In the spring of 1944 they began in the northern part of the camp, using the original plans from January 1943 to create a complex of further 30 barracks. Unexpectedly at the end of June 1944, the first transport of 2,500 Jewesses from Auschwitz arrived in Stutthof, the construction of the first ten barracks had not been completed, despite this, it formed the basis for the future 'Jewish camp', an independent administrative unit within the KZ Stutthof whose chief was SS-corporal Ewald Forth. In fact, only six of the ten barracks were allocated for Jewish women, namely the block XXIII, XXIV, XXVII, XXVIII, XXIV and XXX. In the block XXV and XXVI were women of the Armia Krajowa (Polish Home Army) who, after and during the Warsaw Uprising (August 1944) were interned here.

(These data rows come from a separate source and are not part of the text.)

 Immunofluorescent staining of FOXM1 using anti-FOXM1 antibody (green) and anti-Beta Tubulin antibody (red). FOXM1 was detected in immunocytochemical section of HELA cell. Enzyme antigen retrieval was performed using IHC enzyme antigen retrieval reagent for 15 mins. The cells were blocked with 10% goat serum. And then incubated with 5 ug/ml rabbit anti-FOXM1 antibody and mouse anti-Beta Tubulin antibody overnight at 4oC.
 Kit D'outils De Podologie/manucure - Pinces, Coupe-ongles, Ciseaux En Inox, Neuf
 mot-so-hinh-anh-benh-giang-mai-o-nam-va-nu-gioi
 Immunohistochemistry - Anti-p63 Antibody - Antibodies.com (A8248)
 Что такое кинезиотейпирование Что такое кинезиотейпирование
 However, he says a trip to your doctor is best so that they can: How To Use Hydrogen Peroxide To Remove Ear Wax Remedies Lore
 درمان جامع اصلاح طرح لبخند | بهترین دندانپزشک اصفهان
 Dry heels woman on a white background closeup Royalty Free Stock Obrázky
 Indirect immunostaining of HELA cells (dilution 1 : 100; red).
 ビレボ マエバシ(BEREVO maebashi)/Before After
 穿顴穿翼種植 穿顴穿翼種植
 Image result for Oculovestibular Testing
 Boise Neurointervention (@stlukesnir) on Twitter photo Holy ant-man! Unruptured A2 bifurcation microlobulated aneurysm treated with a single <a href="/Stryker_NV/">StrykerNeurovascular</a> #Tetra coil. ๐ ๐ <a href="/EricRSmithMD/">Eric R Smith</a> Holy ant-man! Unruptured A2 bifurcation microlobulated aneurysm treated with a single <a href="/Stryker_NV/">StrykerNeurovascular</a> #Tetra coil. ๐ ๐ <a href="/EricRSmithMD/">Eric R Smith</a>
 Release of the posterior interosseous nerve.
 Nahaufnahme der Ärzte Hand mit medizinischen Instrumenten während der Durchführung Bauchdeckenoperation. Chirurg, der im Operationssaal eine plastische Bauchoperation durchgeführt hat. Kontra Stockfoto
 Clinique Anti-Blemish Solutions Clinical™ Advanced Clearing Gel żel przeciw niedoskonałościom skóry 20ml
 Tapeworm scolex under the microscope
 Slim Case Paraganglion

The block XXI and XXII became a temporary effect chambers as a storage of personal items deposited from the inmates. Finally, that part of the new camp already completed, was divided into two areas. The area with living quarters for 'Aryan Prisoners' workshops of the DAW, an industrial area as well as sanitary and economic institutions were designated as Camp II. Camp III consisted of ten barracks for Jewish prisoners. The old camp functioned as Camp I, but the expansion plan of 31 March 1942 had not been fully realized.
|Plan of Concentration Camp Stutthof as at 31st December 1944|
Division V, the camp doctors, officially responsible for matters of health, was the Centre of extermination for the prisoners : The doctors performed the selections throughout the camp and the SS orderlies oversaw the extermination. They conducted the Gas Zyklon B into the gas chamber and wrote the death certificates of the victims. The head of this department, the first camp doctor, was subordinate regarding organizational issues in the camp to the commandant, in professional matters to the Medical Division of the SS Economic-D III. As from April 1942 to 4 April 1945 SS Captain Dr. Otto Heidl was chief physician of the Stutthof concentration camp. [According to French MacLean's "The Camp Men", SS Hstuf. Dr. Otto Heidl committed suicide (no date is given. HKS]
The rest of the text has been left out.